Provided information Block Start

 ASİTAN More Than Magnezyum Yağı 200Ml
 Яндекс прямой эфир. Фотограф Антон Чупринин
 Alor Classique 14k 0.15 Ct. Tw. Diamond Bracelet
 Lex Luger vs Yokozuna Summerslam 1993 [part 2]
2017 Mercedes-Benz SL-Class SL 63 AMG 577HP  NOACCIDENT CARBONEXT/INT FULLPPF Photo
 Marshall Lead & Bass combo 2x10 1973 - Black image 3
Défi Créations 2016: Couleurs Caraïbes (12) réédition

Provided information Block End
Provided information Block Start

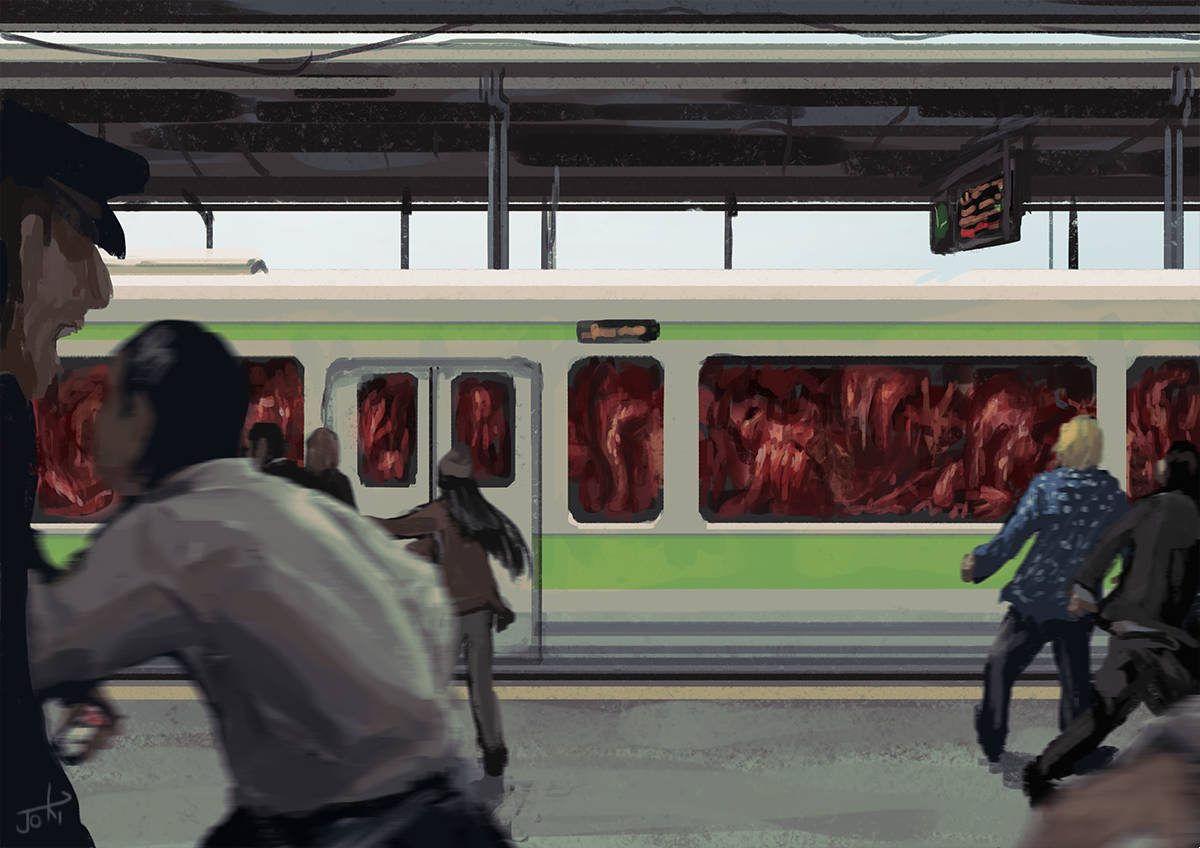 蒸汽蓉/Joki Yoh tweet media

Provided information Block End

▸ Assigned task
Given the data above, transcribe exactly the lines from the one containing "2017 Mercedes-Benz SL-Class" down to the one containing "Défi Créations 2016: Couleurs", and no others.

▸ Written answer
2017 Mercedes-Benz SL-Class SL 63 AMG 577HP  NOACCIDENT CARBONEXT/INT FULLPPF Photo
 Marshall Lead & Bass combo 2x10 1973 - Black image 3
Défi Créations 2016: Couleurs Caraïbes (12) réédition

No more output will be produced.